TASK STATEMENT -> Look below for the lines from the one with "Hey everybody, welcome" to the one with "The epsilon R value", and copy exactly those lines, both ends included.

Top of SUPPLIED MATERIAL

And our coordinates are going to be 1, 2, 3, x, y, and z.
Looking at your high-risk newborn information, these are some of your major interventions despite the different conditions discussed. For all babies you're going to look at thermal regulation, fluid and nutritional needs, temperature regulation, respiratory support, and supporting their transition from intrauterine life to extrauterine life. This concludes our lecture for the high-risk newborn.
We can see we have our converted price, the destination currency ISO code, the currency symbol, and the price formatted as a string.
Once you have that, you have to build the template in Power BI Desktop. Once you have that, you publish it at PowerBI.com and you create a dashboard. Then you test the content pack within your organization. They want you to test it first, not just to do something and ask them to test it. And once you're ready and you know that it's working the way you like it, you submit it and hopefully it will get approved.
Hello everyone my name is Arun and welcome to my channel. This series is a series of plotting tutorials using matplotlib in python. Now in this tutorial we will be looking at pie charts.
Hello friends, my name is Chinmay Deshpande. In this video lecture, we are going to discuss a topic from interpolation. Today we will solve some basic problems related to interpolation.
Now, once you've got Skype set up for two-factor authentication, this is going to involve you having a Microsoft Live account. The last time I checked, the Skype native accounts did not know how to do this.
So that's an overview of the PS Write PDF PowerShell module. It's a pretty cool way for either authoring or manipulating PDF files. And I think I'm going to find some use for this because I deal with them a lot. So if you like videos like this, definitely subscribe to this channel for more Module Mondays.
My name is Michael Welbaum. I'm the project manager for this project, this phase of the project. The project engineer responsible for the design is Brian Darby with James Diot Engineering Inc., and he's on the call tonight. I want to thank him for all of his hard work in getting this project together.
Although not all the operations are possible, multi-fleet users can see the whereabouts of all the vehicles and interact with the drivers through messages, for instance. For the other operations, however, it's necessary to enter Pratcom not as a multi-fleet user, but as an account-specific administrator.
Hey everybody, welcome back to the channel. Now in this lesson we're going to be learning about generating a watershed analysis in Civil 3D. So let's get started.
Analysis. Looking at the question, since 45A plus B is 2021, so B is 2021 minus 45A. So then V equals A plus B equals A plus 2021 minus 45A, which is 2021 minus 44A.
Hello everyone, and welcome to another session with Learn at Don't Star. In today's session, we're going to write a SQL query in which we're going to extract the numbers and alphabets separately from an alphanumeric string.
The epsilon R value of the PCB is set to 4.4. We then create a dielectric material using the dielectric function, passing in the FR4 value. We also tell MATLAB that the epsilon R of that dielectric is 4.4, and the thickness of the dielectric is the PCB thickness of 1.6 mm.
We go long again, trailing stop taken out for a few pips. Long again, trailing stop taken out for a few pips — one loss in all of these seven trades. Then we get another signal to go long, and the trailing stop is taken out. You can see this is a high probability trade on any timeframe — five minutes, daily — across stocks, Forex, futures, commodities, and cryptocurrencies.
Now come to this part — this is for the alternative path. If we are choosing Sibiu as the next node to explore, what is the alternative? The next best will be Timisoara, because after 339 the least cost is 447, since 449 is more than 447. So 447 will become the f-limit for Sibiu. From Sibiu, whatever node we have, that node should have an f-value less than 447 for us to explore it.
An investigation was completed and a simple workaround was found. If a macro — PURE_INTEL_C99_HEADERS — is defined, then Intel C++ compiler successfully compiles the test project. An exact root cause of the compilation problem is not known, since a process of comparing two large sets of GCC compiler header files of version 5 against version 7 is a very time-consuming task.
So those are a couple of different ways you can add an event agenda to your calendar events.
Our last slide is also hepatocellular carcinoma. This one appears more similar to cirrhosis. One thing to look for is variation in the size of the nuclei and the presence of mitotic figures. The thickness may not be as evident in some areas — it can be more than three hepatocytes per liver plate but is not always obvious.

Bottom of SUPPLIED MATERIAL

ANSWER SPACE ->
Hey everybody, welcome back to the channel. Now in this lesson we're going to be learning about generating a watershed analysis in Civil 3D. So let's get started.
Analysis. Looking at the question, since 45A plus B is 2021, so B is 2021 minus 45A. So then V equals A plus B equals A plus 2021 minus 45A, which is 2021 minus 44A.
Hello everyone, and welcome to another session with Learn at Don't Star. In today's session, we're going to write a SQL query in which we're going to extract the numbers and alphabets separately from an alphanumeric string.
The epsilon R value of the PCB is set to 4.4. We then create a dielectric material using the dielectric function, passing in the FR4 value. We also tell MATLAB that the epsilon R of that dielectric is 4.4, and the thickness of the dielectric is the PCB thickness of 1.6 mm.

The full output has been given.